Reprodução do artigo publicado na editoria de Opinião do
O POVO, edição de 23/5/2019.

Os presidentes por suas cartas

“Mais uma vez as forças e os interesses contra o povo coordenaram-se e se desencadeiam sobre mim. (…) Precisam sufocar a minha voz e impedir a minha ação, para que eu não continue a defender, como sempre defendi, o povo e principalmente os humildes.” (Carta Testamento do presidente Getúlio Vargas, agosto 1954.)

“Desejei um Brasil para os brasileiros, afrontando, nesse sonho, a corrupção, a mentira e a covardia, que subordinam os interesses gerais aos apetites e às ambições de grupos ou de indivíduos, inclusive do exterior. (…) Forças terríveis levantam-se contra mim e me intrigam ou infamam, até com a desculpa de colaboração. (Carta de Renúncia do presidente Jânio Quadros, agosto 1961.)

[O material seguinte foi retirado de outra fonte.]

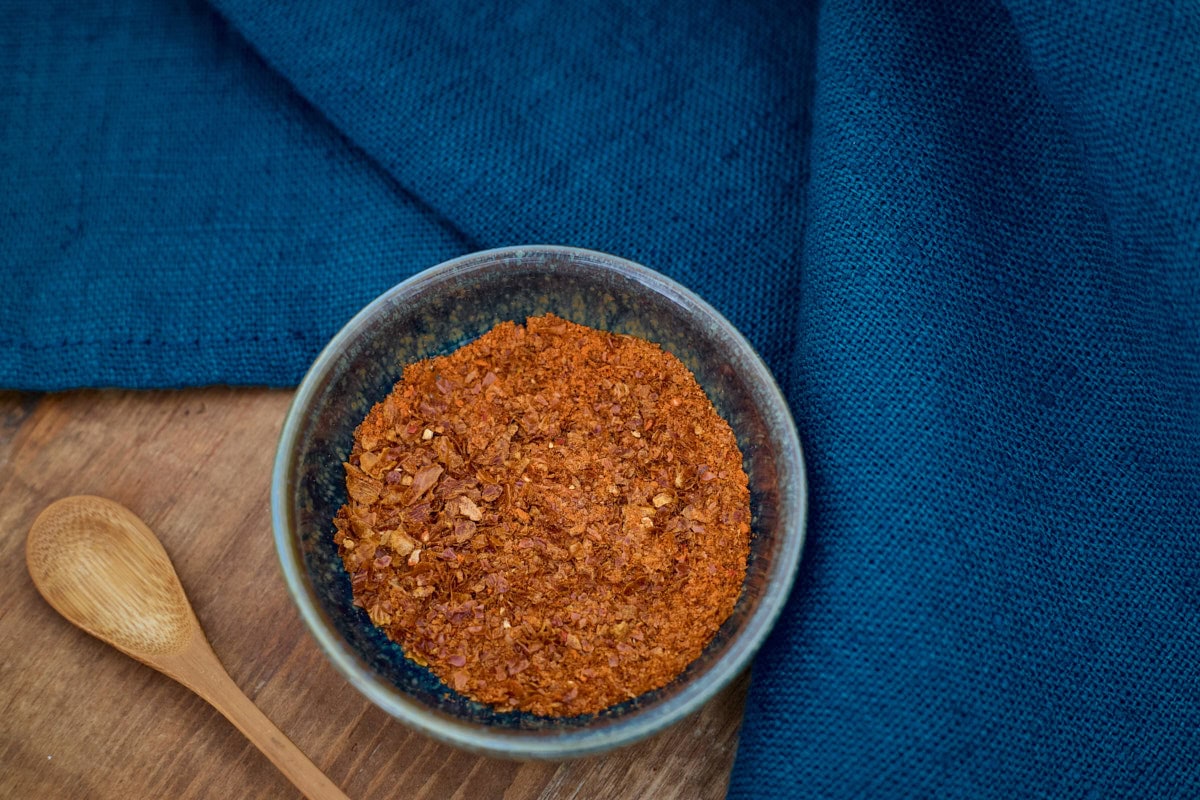 datil pepper powder in a small bowl with a wooden spoon in the foreground and a napkin in the background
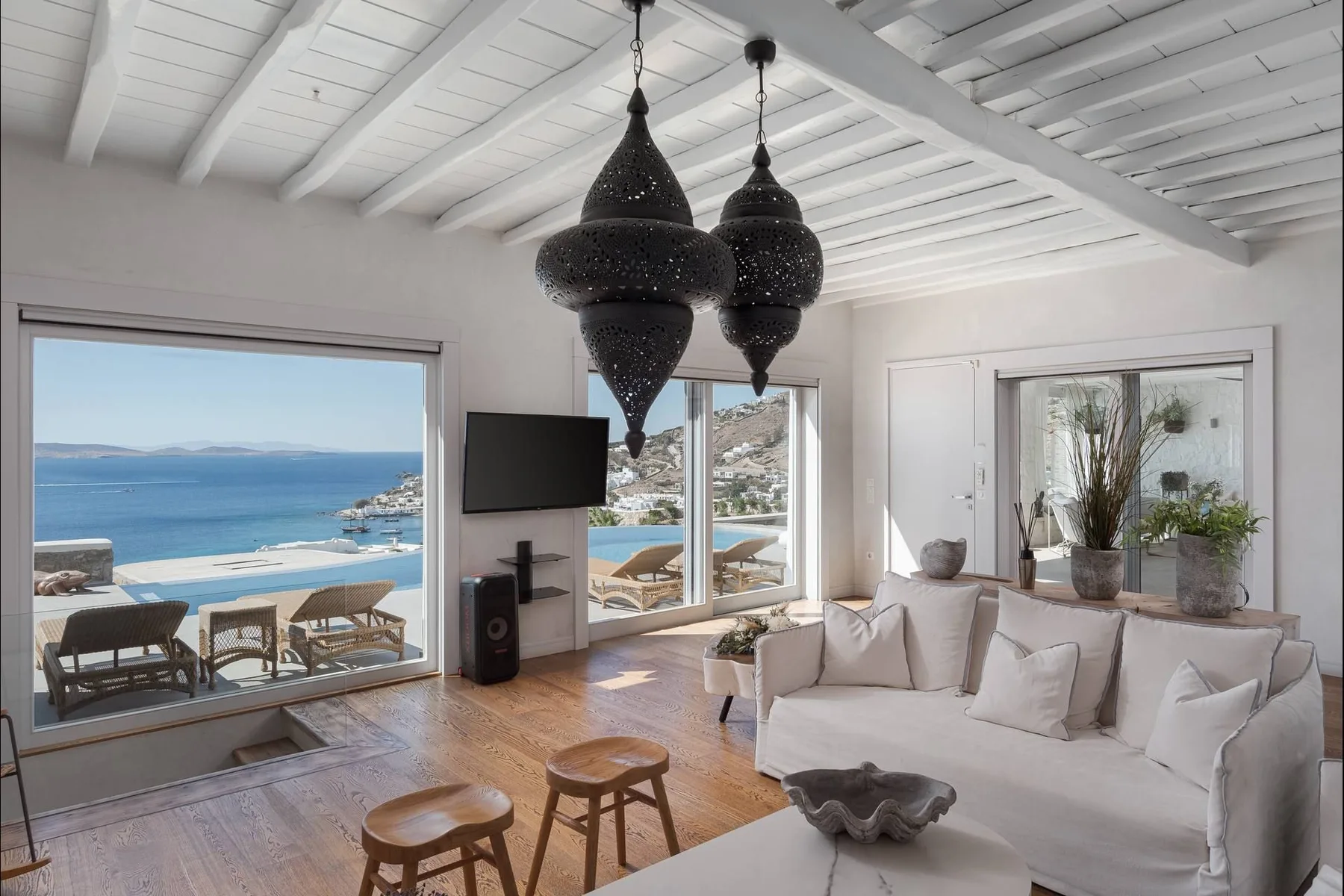 Una sala luminosa con asientos claros, lámparas colgantes oscuras y vistas al mar por amplios ventanales.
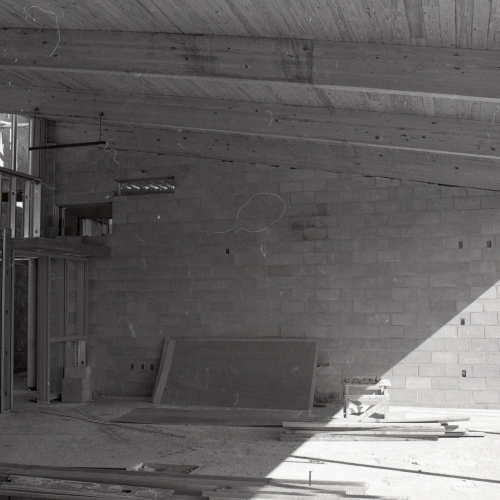 Wooden framing and concrete blocks inside building under construction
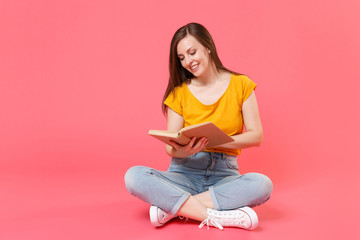 Full length portrait of smiling beautiful attractive young brunette woman 20s in yellow casual t-shirt posing sitting on floor and reading book isolated on pink color wall background studio.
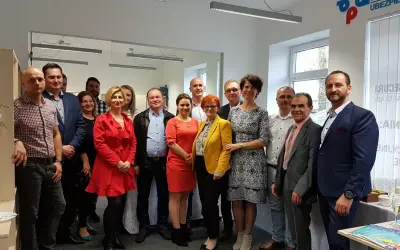 Grupa ludzi w eleganckich strojach pozuje do zdjęcia w biurze.
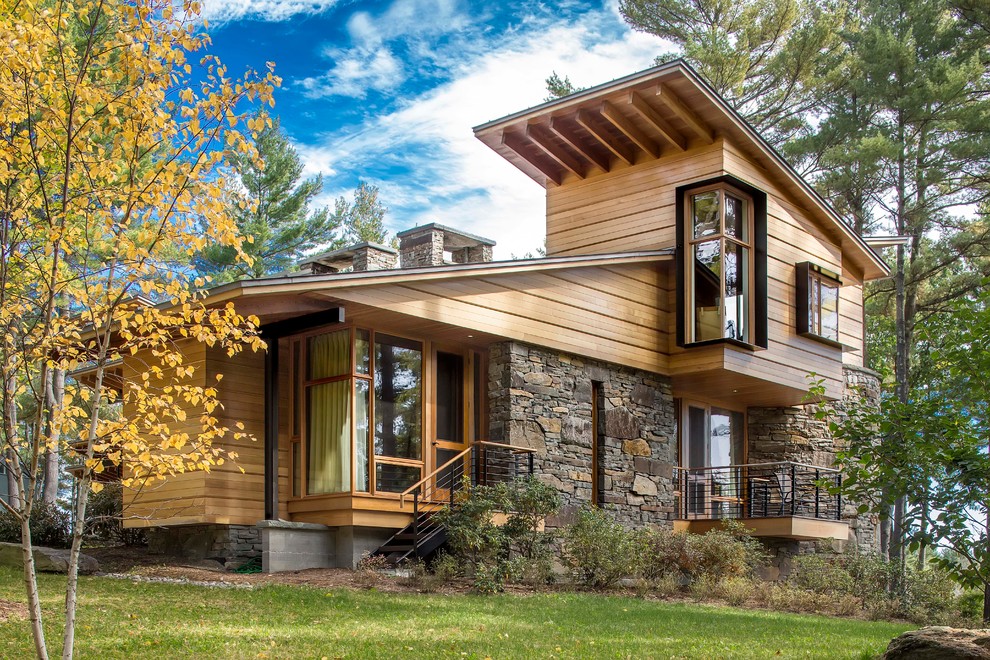 Diseño de fachada marrón moderna grande de tres plantas con revestimiento de madera y tejado de un solo tendido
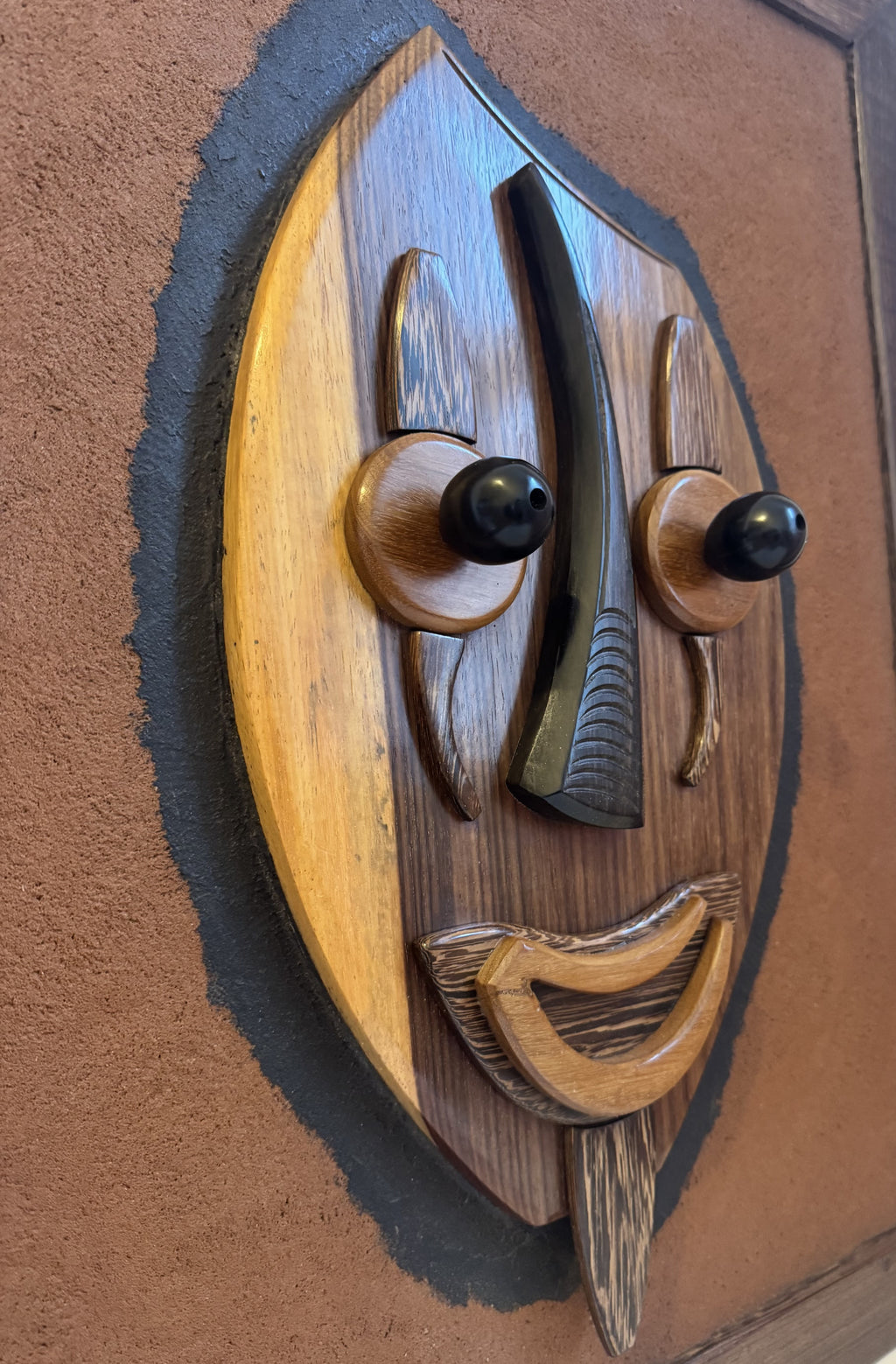 Hand-carved wood relief by Gabonese artist Casimir Zinga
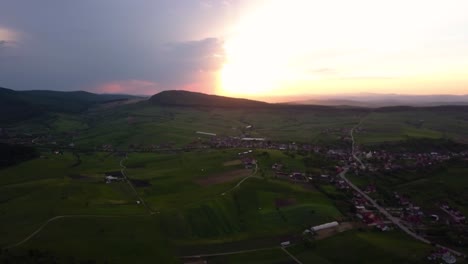 Amplia-Toma-Aérea-De-Una-Gran-Puesta-De-Sol-Sobre-Amplios-Campos-Y-Prados-Verdes-Cerca-De-Una-Desventaja,-Transilvania,-Rumania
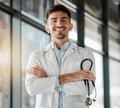 Crossed arms, happy and portrait of a male doctor with a stethoscope in a medical hospital. Confidence, smile and Royalty Free Stock Photo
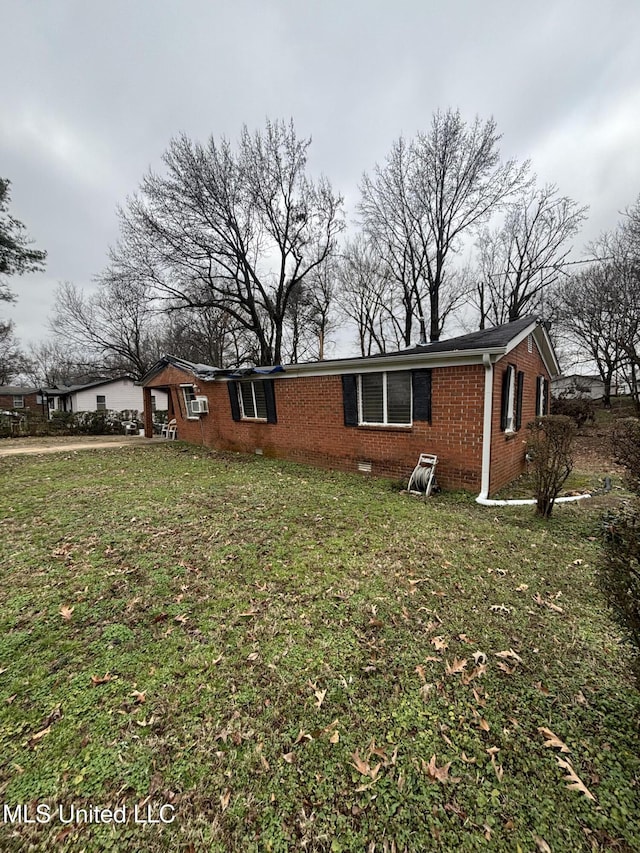 view of side of home with crawl space, brick siding, a yard, and an attached garage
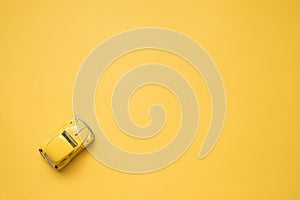 Omsk, Russia - May 26, 2019: Yellow retro toy car on yellow background. Valentines day.  Summer travel concept. Taxi. Top view.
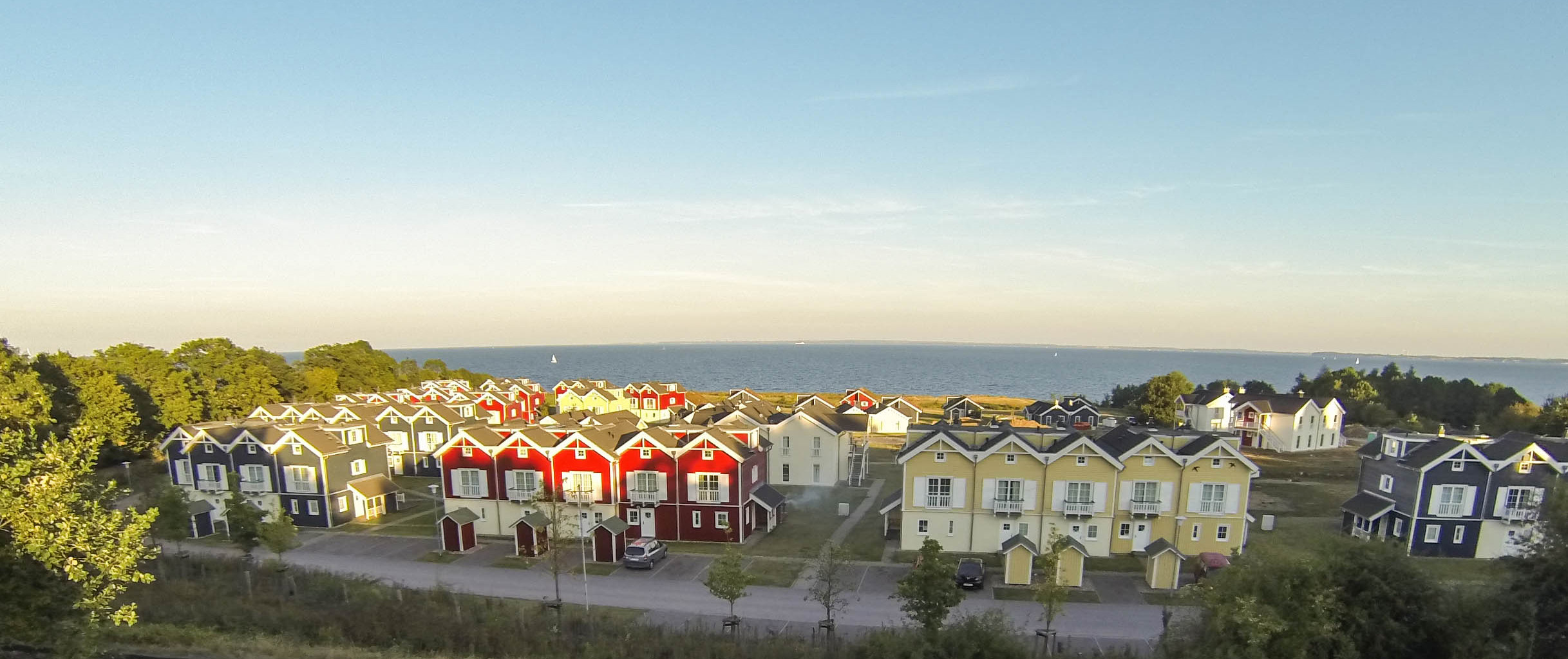 Viele kleine sich ähnlich sehende Häuschen. Dahinter die Ostsee.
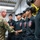 247th Army birthday cake cutting ceremony A U.S. Army officer in multicam/OCP uniform is shaking hands with a group of individuals wearing matching black polo shirts bearing an emblem and the number '35', likely fire department or emergency services personnel. The setting appears to be an indoor facility, possibly a kitchen or service area, decorated with balloons in the background. The interaction appears ceremonial or congratulatory in nature.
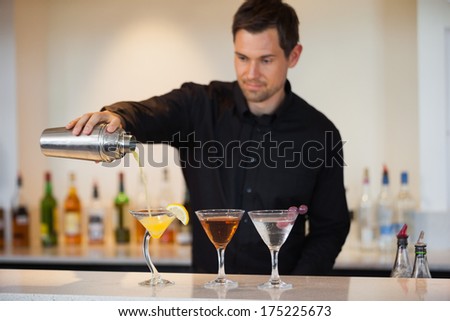 Bartender pouring cocktails at the bar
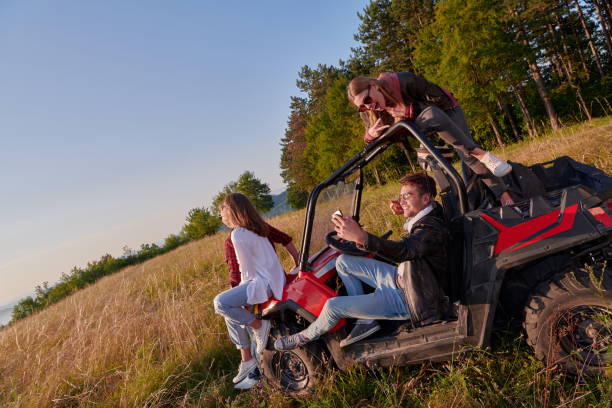 istock group young happy people enjoying beautiful sunny day while driving a off road buggy car 1308559875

“O Brasil é governado exclusivamente para atender aos interesses de corporações com acesso privilegiado ao orçamento público.” (Texto do analista financeiro Paulo Portinho, filiado ao partido Novo, distribuído pelo presidente Jair Bolsonaro, sob o apelo de “leitura obrigatória”, maio 2019.)

Cada um dos trechos acima têm uma coisa em comum: acusam forças difusas, que os teriam impedido de governar, como justificativa para a atitude que cada um tomou: Getúlio, o suicídio; Jânio, a renúncia; Bolsonaro, ainda a saber o que fará para justificar a sua incompetência para exercer o cargo para o qual foi eleito. Dos três, Getúlio pode ser considerado “progressista” e os outros “de direita”.

Assim, Getúlio diz que queriam impedi-lo de governar para o “povo” humilde; Jânio prefere dizer que defendia os “interesses gerais” do País contra vantagens pessoais e de grupos; Portinho/Bolsonaro parecem mais preocupados com os investidores, pois a carta termina aconselhando “sell”, jargão que orienta aplicadores a venderem os seus ativos, sugerindo que investidores se afastem do Brasil.

É preciso reconhecer, vivemos em um País absolutamente injusto e desigual, que favorece parcela muito pequena dos brasileiros. Mas Certamente, não é a essa “corporação” de super-ricos a que Portinho e Bolsonaro se referem, pelo contrário: queixam-se pelo fato de o governo não ter condições de agir, sem amarras, em benefício deles.